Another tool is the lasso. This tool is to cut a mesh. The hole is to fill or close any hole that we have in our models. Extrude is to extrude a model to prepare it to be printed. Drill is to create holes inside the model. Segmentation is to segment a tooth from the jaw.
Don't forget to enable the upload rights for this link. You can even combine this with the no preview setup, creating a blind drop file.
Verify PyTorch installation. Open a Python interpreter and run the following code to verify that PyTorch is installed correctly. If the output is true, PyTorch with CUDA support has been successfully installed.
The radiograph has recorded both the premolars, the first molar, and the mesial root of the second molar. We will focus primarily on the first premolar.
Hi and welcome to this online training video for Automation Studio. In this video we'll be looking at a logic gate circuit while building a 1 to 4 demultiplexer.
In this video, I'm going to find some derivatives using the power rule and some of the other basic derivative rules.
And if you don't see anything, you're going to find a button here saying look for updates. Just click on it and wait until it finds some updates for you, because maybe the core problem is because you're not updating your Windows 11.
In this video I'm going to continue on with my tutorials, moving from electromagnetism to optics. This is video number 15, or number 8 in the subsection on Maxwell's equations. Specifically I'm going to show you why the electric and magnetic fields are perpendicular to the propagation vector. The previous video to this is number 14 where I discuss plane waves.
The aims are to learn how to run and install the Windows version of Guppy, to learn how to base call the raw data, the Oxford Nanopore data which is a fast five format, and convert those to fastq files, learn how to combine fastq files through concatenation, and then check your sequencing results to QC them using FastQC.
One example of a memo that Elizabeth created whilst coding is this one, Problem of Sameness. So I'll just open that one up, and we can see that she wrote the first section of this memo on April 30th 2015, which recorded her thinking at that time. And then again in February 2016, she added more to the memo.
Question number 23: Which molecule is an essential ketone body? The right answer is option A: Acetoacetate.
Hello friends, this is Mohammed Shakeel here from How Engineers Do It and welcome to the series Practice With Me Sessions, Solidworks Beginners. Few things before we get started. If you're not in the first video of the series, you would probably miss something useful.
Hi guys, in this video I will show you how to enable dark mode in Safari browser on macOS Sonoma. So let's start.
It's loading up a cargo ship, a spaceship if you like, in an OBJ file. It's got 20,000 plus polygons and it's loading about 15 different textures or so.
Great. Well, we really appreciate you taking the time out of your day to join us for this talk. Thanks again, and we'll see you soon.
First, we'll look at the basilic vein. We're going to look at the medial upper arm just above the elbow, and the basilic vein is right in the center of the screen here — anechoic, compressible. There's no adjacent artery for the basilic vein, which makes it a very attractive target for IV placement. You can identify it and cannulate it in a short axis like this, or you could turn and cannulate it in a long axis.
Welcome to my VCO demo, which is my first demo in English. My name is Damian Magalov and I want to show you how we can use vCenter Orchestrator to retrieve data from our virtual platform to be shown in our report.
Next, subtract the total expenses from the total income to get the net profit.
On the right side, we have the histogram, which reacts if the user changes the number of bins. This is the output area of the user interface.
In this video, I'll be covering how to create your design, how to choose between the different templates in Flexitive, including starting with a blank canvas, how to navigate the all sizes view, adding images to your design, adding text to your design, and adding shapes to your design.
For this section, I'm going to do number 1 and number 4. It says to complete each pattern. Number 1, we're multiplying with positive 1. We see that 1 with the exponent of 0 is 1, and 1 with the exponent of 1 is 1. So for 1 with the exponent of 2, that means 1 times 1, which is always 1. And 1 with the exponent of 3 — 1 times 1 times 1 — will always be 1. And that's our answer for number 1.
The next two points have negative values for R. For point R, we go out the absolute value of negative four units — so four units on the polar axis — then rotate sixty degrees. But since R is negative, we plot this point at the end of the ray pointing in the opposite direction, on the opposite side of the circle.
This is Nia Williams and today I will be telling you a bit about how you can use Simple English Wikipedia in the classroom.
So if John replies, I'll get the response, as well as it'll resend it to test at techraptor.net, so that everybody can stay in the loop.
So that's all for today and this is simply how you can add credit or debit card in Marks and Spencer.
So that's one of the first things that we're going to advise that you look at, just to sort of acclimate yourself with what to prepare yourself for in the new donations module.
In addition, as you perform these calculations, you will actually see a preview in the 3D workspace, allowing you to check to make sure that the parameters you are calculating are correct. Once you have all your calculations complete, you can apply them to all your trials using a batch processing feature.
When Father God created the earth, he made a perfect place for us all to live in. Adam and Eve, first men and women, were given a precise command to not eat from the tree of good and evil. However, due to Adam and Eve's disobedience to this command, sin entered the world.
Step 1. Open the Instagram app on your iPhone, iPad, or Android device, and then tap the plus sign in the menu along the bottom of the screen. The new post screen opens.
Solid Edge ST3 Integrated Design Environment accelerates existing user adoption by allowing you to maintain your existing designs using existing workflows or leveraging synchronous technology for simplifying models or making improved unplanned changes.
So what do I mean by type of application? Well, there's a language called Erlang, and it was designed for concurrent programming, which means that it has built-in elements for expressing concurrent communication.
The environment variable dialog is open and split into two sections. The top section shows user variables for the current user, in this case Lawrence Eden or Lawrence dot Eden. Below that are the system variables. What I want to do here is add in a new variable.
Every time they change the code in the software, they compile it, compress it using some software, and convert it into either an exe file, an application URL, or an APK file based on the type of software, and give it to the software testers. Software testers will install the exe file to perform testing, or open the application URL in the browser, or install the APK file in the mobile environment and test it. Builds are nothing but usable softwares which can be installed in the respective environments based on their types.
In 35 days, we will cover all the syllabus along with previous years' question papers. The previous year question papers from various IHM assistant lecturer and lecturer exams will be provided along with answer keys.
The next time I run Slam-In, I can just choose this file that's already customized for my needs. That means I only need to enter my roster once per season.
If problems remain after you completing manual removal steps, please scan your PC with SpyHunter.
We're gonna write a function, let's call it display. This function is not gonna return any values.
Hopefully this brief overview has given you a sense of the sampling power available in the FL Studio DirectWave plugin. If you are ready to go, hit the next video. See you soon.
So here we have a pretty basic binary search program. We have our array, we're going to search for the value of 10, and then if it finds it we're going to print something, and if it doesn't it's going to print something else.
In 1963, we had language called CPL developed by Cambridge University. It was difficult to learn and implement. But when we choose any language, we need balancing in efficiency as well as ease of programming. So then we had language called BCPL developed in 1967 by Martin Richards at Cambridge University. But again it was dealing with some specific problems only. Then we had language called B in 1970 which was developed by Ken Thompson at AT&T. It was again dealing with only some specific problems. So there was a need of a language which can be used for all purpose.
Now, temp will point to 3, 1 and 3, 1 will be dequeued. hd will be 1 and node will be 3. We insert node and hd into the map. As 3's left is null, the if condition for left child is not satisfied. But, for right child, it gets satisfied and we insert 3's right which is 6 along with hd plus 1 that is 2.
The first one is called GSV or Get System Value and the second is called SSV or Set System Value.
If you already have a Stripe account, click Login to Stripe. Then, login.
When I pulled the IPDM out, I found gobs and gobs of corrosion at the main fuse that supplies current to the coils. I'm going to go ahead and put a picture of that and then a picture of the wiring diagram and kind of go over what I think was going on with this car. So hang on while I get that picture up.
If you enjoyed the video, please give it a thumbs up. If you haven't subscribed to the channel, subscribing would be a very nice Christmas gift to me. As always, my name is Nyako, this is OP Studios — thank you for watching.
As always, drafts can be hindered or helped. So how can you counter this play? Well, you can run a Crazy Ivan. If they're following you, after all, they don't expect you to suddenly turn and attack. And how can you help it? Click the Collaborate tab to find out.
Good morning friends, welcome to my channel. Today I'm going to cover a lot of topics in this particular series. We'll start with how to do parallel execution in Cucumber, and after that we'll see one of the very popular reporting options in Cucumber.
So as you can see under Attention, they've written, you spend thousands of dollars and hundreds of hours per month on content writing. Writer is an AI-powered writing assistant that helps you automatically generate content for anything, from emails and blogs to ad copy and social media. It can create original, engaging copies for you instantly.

DIRECTIONS FOR THIS TASK >> Report the number of lines in the listing that include the string "convert"; give nothing but the number.

RESPONSE AREA >> 2